Records from a collection

BEGIN

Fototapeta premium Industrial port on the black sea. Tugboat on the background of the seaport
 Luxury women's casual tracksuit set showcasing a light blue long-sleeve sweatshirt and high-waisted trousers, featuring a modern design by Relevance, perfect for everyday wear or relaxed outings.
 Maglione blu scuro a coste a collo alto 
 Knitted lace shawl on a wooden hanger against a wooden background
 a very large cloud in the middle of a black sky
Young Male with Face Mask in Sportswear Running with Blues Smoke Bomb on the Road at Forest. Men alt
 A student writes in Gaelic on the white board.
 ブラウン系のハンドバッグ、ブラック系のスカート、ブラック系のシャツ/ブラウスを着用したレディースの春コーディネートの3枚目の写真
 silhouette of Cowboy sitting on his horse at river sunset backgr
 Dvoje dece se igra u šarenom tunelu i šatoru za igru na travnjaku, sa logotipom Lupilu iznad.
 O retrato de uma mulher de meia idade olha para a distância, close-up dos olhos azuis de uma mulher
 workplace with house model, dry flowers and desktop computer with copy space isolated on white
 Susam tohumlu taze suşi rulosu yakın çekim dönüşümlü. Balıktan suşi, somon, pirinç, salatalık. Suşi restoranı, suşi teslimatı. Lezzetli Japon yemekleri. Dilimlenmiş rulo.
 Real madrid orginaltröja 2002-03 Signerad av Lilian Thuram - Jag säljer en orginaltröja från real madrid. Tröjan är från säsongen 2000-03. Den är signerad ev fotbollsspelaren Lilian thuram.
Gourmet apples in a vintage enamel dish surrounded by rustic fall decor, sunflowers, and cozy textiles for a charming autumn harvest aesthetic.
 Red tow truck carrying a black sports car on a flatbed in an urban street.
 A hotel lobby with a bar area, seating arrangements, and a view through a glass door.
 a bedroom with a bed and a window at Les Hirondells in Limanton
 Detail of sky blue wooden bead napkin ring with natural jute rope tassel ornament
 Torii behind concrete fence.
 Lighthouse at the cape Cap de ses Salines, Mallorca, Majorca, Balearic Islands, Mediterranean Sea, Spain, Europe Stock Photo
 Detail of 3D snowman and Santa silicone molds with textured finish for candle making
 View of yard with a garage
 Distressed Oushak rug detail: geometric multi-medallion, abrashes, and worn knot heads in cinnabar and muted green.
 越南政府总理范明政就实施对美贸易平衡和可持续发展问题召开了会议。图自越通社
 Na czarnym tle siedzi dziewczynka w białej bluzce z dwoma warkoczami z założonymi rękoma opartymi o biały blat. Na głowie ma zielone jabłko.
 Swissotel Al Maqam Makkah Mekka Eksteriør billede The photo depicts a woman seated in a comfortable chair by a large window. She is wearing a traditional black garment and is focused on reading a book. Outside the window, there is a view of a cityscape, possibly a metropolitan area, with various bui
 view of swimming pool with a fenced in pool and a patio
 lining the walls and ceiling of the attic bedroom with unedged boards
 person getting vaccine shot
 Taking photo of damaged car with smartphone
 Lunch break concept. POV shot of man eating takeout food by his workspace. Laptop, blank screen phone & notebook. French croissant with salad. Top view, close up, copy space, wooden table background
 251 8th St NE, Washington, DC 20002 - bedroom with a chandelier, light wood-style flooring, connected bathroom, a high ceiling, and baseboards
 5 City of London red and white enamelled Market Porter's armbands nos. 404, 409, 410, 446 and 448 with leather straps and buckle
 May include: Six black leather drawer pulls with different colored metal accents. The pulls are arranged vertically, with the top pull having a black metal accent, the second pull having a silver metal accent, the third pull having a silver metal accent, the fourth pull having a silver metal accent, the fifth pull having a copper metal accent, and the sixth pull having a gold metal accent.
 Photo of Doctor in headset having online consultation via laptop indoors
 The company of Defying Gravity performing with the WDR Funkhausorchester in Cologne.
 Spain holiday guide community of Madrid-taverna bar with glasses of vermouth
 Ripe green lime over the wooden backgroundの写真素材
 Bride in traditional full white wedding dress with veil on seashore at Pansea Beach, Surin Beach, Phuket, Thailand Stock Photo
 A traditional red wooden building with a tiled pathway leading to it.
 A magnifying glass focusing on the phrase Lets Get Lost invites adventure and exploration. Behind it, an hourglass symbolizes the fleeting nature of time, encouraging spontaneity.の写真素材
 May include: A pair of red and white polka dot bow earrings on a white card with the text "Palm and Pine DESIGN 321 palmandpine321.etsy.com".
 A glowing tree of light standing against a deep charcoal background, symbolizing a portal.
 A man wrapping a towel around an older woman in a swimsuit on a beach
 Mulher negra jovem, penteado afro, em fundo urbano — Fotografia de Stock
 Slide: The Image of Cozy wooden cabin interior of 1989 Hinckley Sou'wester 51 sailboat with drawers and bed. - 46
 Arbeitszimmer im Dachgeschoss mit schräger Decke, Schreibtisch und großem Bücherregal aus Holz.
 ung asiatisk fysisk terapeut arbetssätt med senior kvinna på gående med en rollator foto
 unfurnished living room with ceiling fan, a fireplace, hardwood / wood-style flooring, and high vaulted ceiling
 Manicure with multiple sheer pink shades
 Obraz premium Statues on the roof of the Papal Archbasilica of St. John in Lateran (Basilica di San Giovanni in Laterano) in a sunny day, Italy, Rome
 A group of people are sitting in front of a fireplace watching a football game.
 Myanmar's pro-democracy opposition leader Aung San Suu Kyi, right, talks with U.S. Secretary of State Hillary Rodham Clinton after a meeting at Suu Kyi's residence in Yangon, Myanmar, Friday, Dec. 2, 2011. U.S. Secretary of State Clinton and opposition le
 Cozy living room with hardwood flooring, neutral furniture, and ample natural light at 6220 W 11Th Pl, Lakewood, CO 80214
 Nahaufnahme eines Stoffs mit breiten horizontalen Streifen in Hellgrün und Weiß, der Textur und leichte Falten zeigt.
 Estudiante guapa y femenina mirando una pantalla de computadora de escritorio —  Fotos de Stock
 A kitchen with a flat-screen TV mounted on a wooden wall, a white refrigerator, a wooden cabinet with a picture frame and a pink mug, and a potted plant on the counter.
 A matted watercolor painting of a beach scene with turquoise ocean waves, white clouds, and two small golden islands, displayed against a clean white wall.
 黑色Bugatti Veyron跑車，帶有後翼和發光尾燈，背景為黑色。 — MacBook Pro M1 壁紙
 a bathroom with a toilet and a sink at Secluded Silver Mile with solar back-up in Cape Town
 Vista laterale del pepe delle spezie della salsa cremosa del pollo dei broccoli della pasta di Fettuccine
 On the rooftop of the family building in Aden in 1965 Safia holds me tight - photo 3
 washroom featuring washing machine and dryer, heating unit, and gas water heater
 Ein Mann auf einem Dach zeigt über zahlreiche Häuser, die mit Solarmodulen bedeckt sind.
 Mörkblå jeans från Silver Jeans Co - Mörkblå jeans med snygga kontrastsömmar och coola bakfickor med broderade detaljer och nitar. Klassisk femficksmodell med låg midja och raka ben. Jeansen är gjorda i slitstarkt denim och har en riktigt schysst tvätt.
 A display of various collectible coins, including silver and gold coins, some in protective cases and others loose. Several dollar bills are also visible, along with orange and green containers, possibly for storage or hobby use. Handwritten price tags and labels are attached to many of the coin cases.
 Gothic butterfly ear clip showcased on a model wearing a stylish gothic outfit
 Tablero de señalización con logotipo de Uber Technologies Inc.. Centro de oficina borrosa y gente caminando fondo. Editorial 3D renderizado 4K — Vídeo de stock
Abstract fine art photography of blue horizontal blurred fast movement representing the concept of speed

END

## Assignment
Give back the opening line of the records above and every line after it, up to and including the one with "Knitted lace shawl", unchanged.

## Solution to the exercise
Fototapeta premium Industrial port on the black sea. Tugboat on the background of the seaport
 Luxury women's casual tracksuit set showcasing a light blue long-sleeve sweatshirt and high-waisted trousers, featuring a modern design by Relevance, perfect for everyday wear or relaxed outings.
 Maglione blu scuro a coste a collo alto 
 Knitted lace shawl on a wooden hanger against a wooden background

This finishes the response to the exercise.